§ SUPPLIED RECORDS:
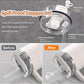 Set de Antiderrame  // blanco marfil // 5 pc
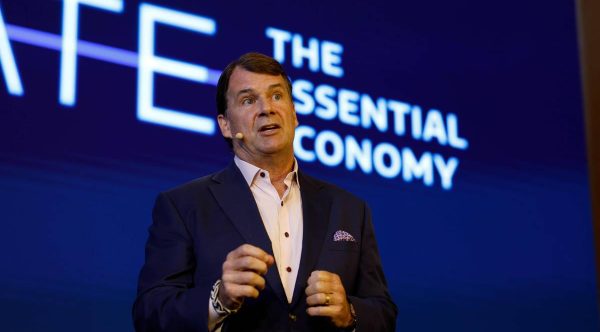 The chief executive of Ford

* * *

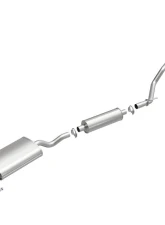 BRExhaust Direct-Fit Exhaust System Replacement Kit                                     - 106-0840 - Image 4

§ TASK PROMPT:
Look through the material above. Transcribe exactly the lines between the ones with "Set de Antiderrame" and "The chief executive of Ford", inclusive, and keep pictures out.

§ EXERCISE OUTPUT:
 Set de Antiderrame  // blanco marfil // 5 pc
 The chief executive of Ford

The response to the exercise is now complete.